En este contexto de enseñanza virtual, una de las claves de la Neurodidáctica adquiere un valor especial: el aprendizaje multisensorial, consistente en que el cerebro (en este caso, el del estudiante) recibe informaciones por varias vías. Cada una de estas vías, aporta ciertos volúmenes de información sensorial que va directamente al cerebro, siendo más específico, al Sistema Límbico, donde es recibida toda esta información y, luego de ser procesada, es traducida en emociones, que le permiten al cerebro del estudiante aprender más y mejor.

Una forma de estimular el aprendizaje multisensorial en el aula virtual, es cuando el profesor enriquece su clase con un video, así son varios los sentidos del estudiante que están siendo activados: el auditivo, porque debe procesar los contenidos transmitidos mediante la voz del profesor y los sonidos del video; el visual, porque debe observar el video para detectar lo que el profesor le había explicado; kinestésico, porque debe escribir en un teclado o tomar un lápiz para poder plasmar las respuestas solicitadas por el profesor en sus instrucciones.

Otra forma es mediante el uso de herramientas como canva y/o power point por el profesor, ya que activan, al igual que un recurso audiovisual como el video, varias áreas muy importantes del cerebro del alumno, todas al mismo tiempo.

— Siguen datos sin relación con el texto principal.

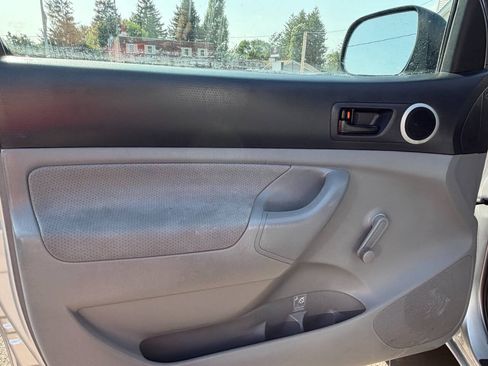 Used 2011 Toyota Tacoma 4x4 Regular Cab image 10
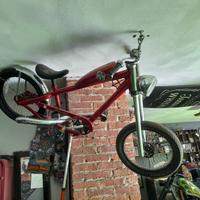 rara bici della West choppers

Este aprendizaje también es estimulado cuando los alumnos leen en voz alta un libro físico en el proceso de la enseñanza virtual. Aquí tiene lugar, como explica el destacado neurocientífico francés Stanislas Dehaene (2015), el pasaje de las letras a los sonidos y de las letras a los significados. Todo esto, con su correspondiente activación multisensorial: se implican varios sentidos a la vez, hablamos del visual, el kinestésico al tocar el libro; y el sentido propioceptivo, que le permite al cerebro conocer exactamente qué hace cada músculo del cuerpo en un momento determinado, entiéndase, los músculos implicados en el proceso de lectura al mover los brazos y manos para manipular el libro, y la lengua para realizar los movimientos propios de cada fonema.

Nuestro cerebro continúa siendo un hermoso misterio, una caja llena de sorpresas por descubrir. Gracias a Dios ya se han descubierto muchas; cada una de ellas es una valiosa herramienta en las manos del maestro que, día a día, continúa fabricando el edificio interminable del conocimiento.